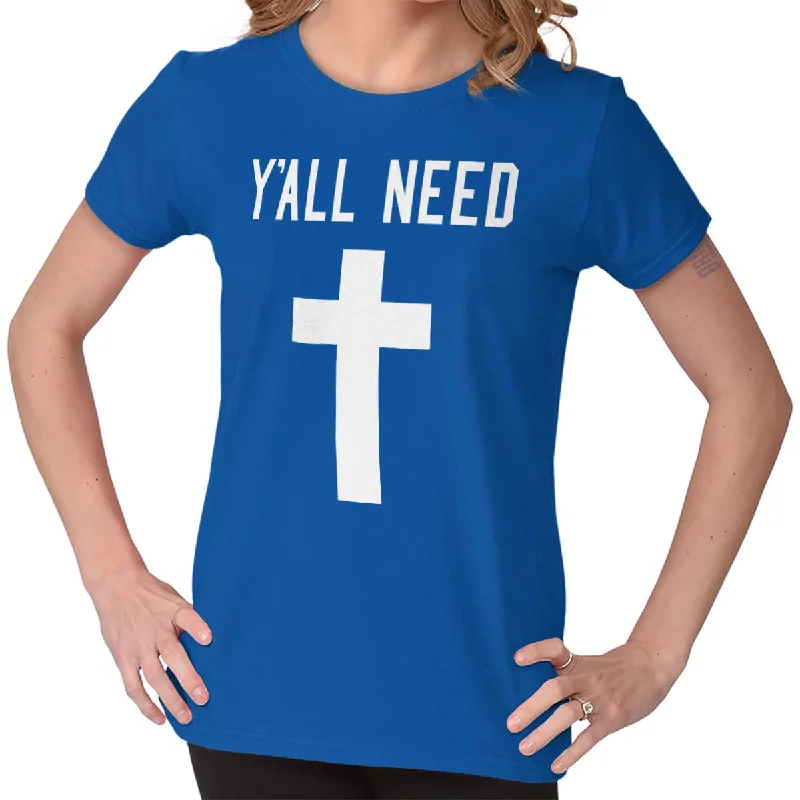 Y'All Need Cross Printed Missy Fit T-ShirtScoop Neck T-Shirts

☆ ☆ ☆ ☆ ☆ ☆ ☆

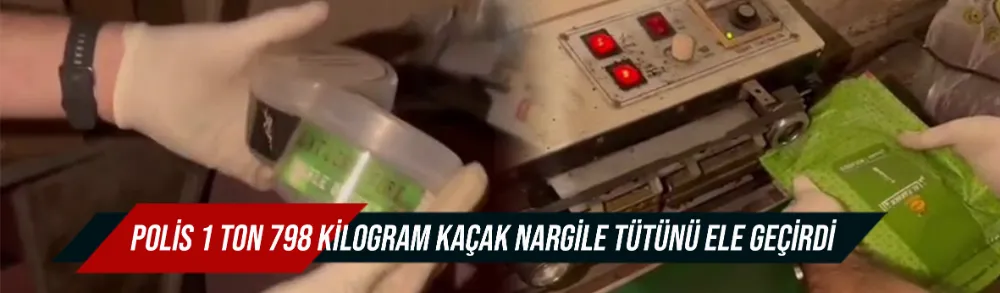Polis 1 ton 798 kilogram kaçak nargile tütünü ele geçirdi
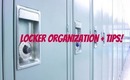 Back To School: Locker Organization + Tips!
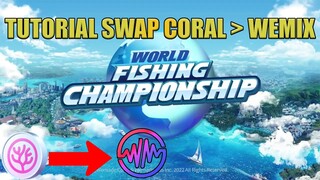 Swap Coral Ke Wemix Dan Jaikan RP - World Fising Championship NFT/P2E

☆ ☆ ☆ ☆ ☆ ☆ ☆

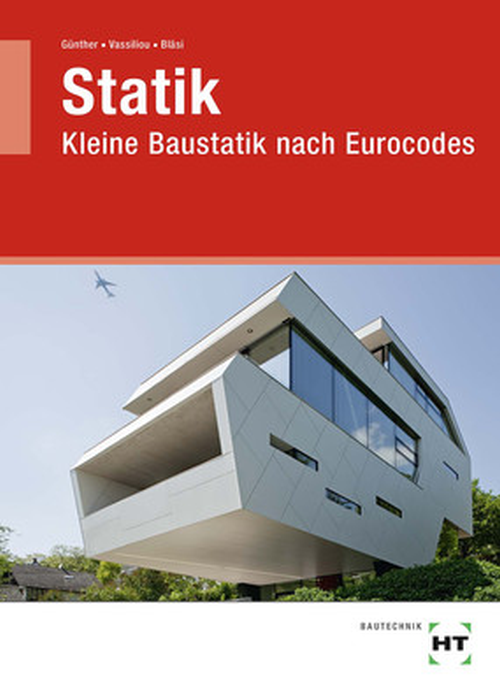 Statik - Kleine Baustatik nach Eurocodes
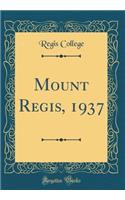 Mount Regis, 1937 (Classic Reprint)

☆ ☆ ☆ ☆ ☆ ☆ ☆

▸ **THE PROBLEM**:
Look above for the line with "Statik - Kleine Baustatik nach Eurocodes" and the line with "Mount Regis, 1937 (Classic Reprint)", then restate exactly those two lines and all lines between them, with no pictures.

▸ **SOLUTION**:
 Statik - Kleine Baustatik nach Eurocodes
 Mount Regis, 1937 (Classic Reprint)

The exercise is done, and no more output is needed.